Новая фаза холодной войны сопровождалась перекрытием важных дипломатических и политических каналов обмена мнениями и поиска взаимопонимания. Политические деятели Запада, государственные служащие, журналисты, с которыми мы в течение многих лет поддерживали контакты, были вынуждены прекратить их, приспосабливаясь к новым обстоятельствам или из чувства страха. Обстановка осложнялась и в связи с массовой высылкой советских дипломатов из западных стран. Ввиду концентрации новых видов ядерного оружия в Центральной Европе и обострения международного положения возросла опасность неправильного толкования действий противоположной стороны и неадекватного реагирования на них.

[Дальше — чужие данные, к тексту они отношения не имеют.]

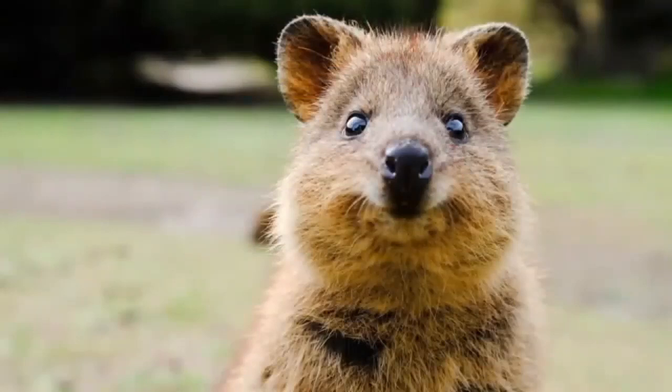His name is Quokka — just the most adorable, darling animal, and he's known as one of the cutest animals on the planet. You can see his big round ears, darling button eyes, and cute brown nose. He's very, very darling.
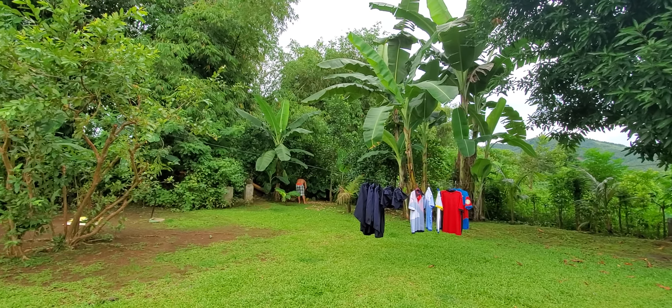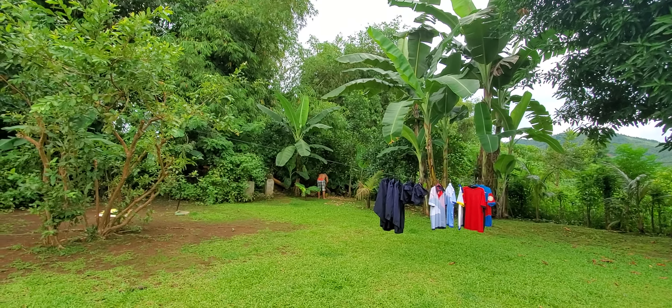This is our backyard and my uncle is sweeping the yard. We have guava here — that's a guava tree — and we have jackfruit, that's a jackfruit tree. We also have banana trees, chicken, and malunggay over there. I don't know what the English of malunggay is — this is malunggay here, malunggay there. And that's our dirty kitchen.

Не преувеличивая, хочу сказать, что в Кремле появились серьезные опасения по поводу возможности нанесения Соединенными Штатами превентивного ракетно-ядерного удара. О том, что такой соблазн у американцев был, свидетельствовали планы создания нейтронной бомбы, высказывания помощника президента Картера по вопросам национальной безопасности Збигнева Бжезинского, а также размещение в Центральной Европе ракет средней дальности с сокращением подлетного времени до стратегических центров Советского Союза с 30 до 8 минут.